Hello everyone,

As I mentioned in my introduction post, we are managing an established blueberry plot (4.25 acres) on my family's homestead farm in south Georgia with almost 2500 mature berry bushes. The berries were not tended for two whole seasons while the farm was on the market, so we must do some serious rehab which includes new natural mulch, organic matter soil amendments, and a complete irrigation system overhaul. The existing overhead sprinler irrigation system is supplied by a deep well with what we suspect is a 5hp pump of unknown specs/mfgr. All we know for certain is that the electrical power and water consumption of that system is ridiculously expensive and inefficient.

That said, we would still need to keep the existing system operable to protect the berries in the event of a late frost. I am currently trying to do my homework on converting the entire field over to drip irrigation, hopefully to be supplied by a combination of rainwater collection and our 2 acre pond.

Checking historical precip data reveals that our location has averaged 47 inches of rainfall annually over the last 30 years. After doing surface area calcs of our buildings, we have a potential of catching 3000 gallons of water per 1" rainfall event.

Some potential issues would be the distance water would need to be pumped from the rainfall tanks and from the pond to the farthest driptape zone headers.

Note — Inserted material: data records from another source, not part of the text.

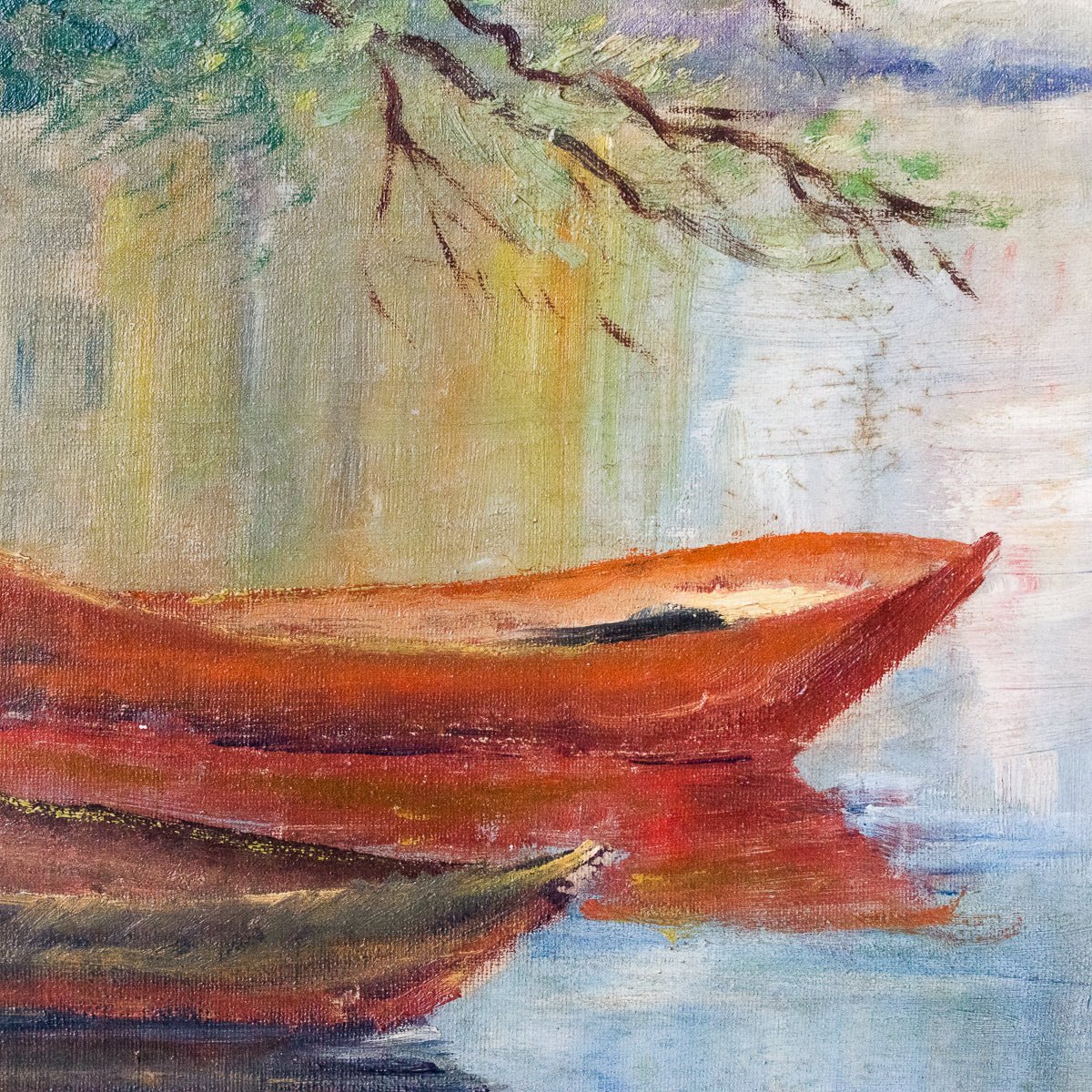 Paysage avec petits bateaux, peinture à l'huile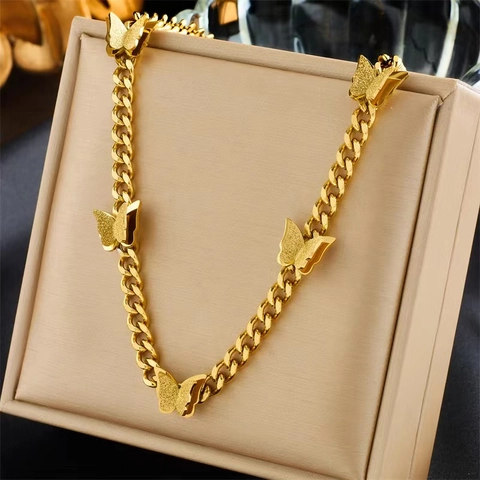 Collana Con Ciondolo A Farfalla Acciaio Al Titanio Farfalle Opache Catena A Maglia Cubana Elegante Gioielli Di Moda Per Donna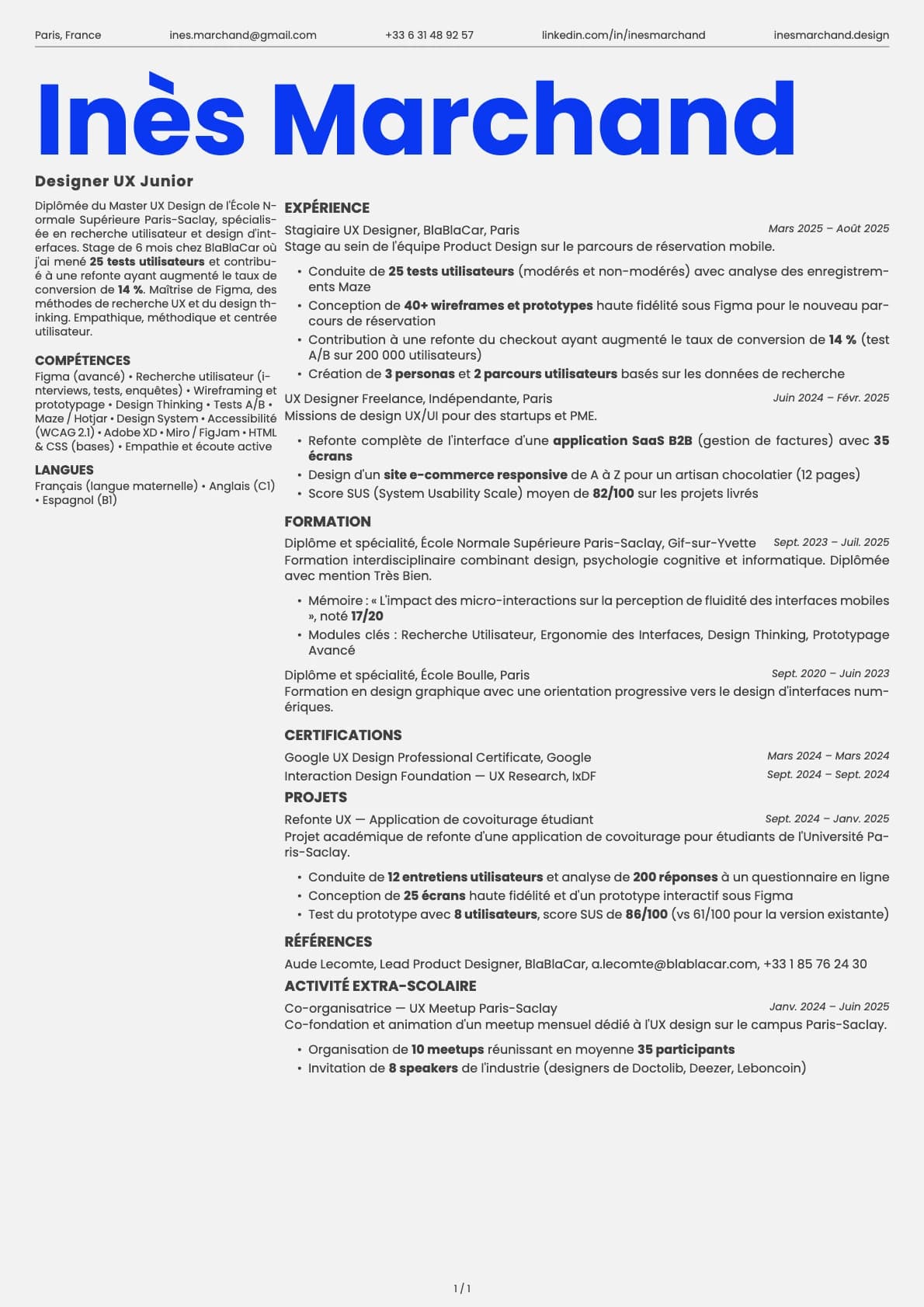 Designer UX Junior resume example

The distance from the pond to the farthest zone would be right at 600 feet. The rainwater tank, depending on final location, could be as much as 500 feet from that same zone.

Give these variables, I'm not clear on the best system design approach and suspect that it may be necessary to pump the pond water and rainwater to yet another storage tank that is located more centrally to all the drip zones.

I've uploaded an overhead satellite view of the farm layout from Google Earth in the hopes that someone could make some suggestions on how to most efficiently (cost and function-wise) configure this system and which components to use. We will likely have a bank of IBC totes for rain catchment unless we can find a single 5000 gallon or larger poly tank at a better total cost. Ideally, I would like to have at least 30000 gallons of storage which would enable me to supply the equivalent of a 1" rainfall to the berries directly from storage. But we will likely start with about 5000 gallons and pump the rest from the pond.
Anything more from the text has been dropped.